Landolfi, presidente della commissione di Vigilanza: «Ho scritto al dg Cappon per chiedere controlli più severi»

da Roma

«Basta ai politici nei programmi d’intrattenimento». Il presidente della Commissione di Vigilanza sulla Rai, Mario Landolfi, è convinto che le «vere lesioni del pluralismo» avvengono più nelle trasmissioni cosiddette leggere che nei telegiornali o negli appuntamenti di approfondimento d’attualità e politica. E ha scritto al direttore generale della Rai, Claudio Cappon, per chiedere controlli più severi.
Perché dice questo, onorevole Landolfi?
«Abbiamo fatto dei calcoli su questo tipo di programmi definiti come “altro” (il 20 per cento del totale) e abbiamo rilevato che nei mesi di settembre, ottobre e novembre 2006 le presenze di esponenti della maggioranza e del governo sono di gran lunga superiori a quelle totalizzate nelle stesse trasmissioni e nello stesso periodo dello scorso anno dagli esponenti della maggioranza e del governo Berlusconi. Diciamo che se prima lo spazio era grossomodo del 55 per cento ora è del 75. Nei programmi di rete, cosiddetti leggeri, sono dunque più facili le violazioni del pluralismo».

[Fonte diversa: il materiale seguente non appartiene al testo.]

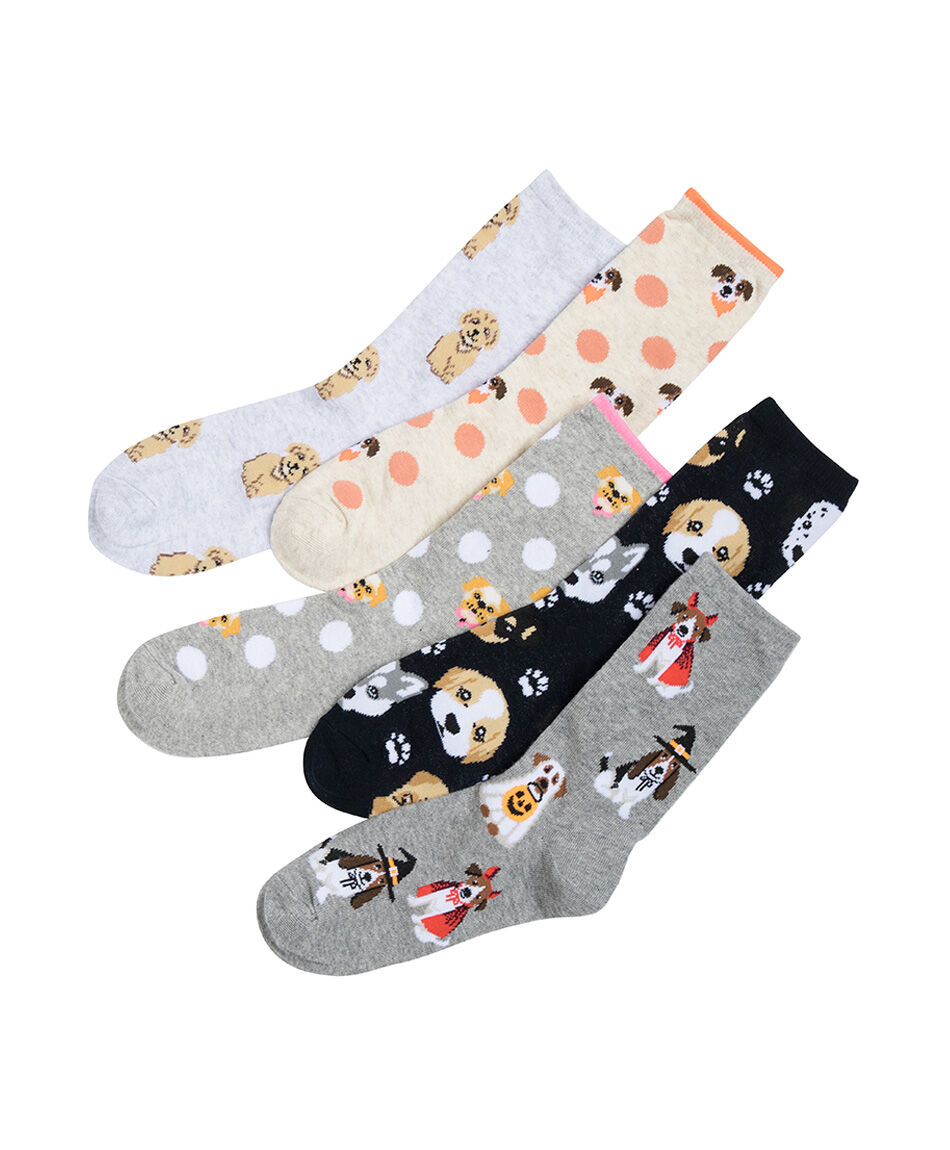 Pack 5 calcetines mujer perritos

E allora che cosa ha chiesto a Cappon?
«Di dare spiegazioni su quanto avviene e di garantire il rispetto di un indirizzo approvato nel 2003, quando al mio posto c’era l’attuale presidente della Rai, Claudio Petruccioli. I politici possono anche partecipare a queste trasmissioni, ma solo se lo giustificano le loro precise competenze e sempre nel rispetto del contraddittorio. Non possono diventare personaggi di spettacolo: lo dico nell’interesse dello spettacolo e anche della politica».

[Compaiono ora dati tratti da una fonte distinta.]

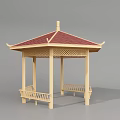 Wooden Pavilion With Red Roof Latticed Top Design And Surrounding Benches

Lei è convinto che le trasmissioni d’intrattenimento abbiano maggiore impatto sul pubblico?
«Proprio così. Nei tg, certo, si può giocare sulla gerarchia delle notizie, dando più o meno risalto ad un fatto in base alla convenienza politica. Ma quando i telespettatori guardano un telegiornale o un programma politico sono più attenti e critici, mentre i messaggi politici che passanmo attraverso le trasmissioni leggere li sorprendono e sono per questo più efficaci. Ecco perchè dico che il vero pluralismo si vede proprio in questo settore».

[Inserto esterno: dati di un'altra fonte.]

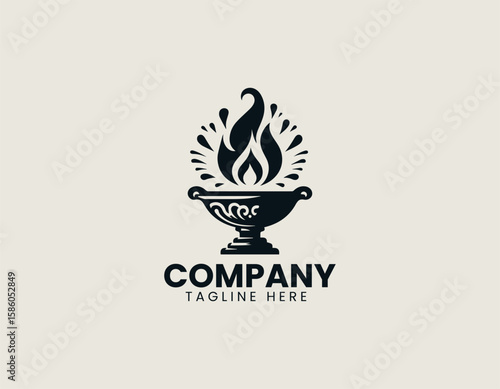 Spiritual Oil Lamp Flame Eternal Light Wisdom Vector Logo Design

Vuol dire che la maggiore presenza politica nelle trasmissioni leggere caratterizza la Rai dell’Unione?
«Se la definiamo così, quelli dell’Unione si arrabbiano perché sostengono invece che la maggioranza della Rai è ancora nelle mani del centrodestra. Non è così e comunque la tv pubblica deve essere nelle mani dei cittadini che pagano il canone e quest’anno se lo vedono ritoccato, mentre con il governo precedente questo si era evitato. C’è un consiglio d’amministrazione, formato di nove membri, in cui le decisioni vengono prese a volte all’unanimità, a volte a maggioranza, più o meno variabile. Le scelte vanno fatte in ossequio alle logiche aziendali, non alle logiche di bottega o di partito. E sbaglia la sinistra a sostenere che il cda sia una sorta di retaggio del governo Berlusconi. Lo dimostrano proprio certe trasmissioni di largo ascolto non-politiche».
Lei ha anche lanciato un appello per la televisione di qualità a Rai e Mediaset, che effetti ha avuto?
«C’è stata una buona eco e io mi sono fatto portavoce di un’esigenza fortemente sentita dai cittadini, come vedo anche dalle tante lettere che ricevo. La televisione deve rinnovarsi, puntando su qualità, innovazione, sperimentazione, nuovi autori. Può e deve farlo ora che c’è la legge Gasparri che, contrariamente a quanto è stato detto dall’Unione, non la schiaccia ma ne aiuta lo sviluppo».


Quali altre richiestre ha fatto come presidente della Commissione?
«Ho fatto la richiesta per il rispetto delle fasce orarie di programmazione, che è tutela dei minori ma non solo. Dall’11 dicembre la prima serata comincia in orario e questo è anche merito di quell’appello. E poi c’è la durata eccessiva dei contenitori domenicali, dei reality show che non possono essere così invadenti...».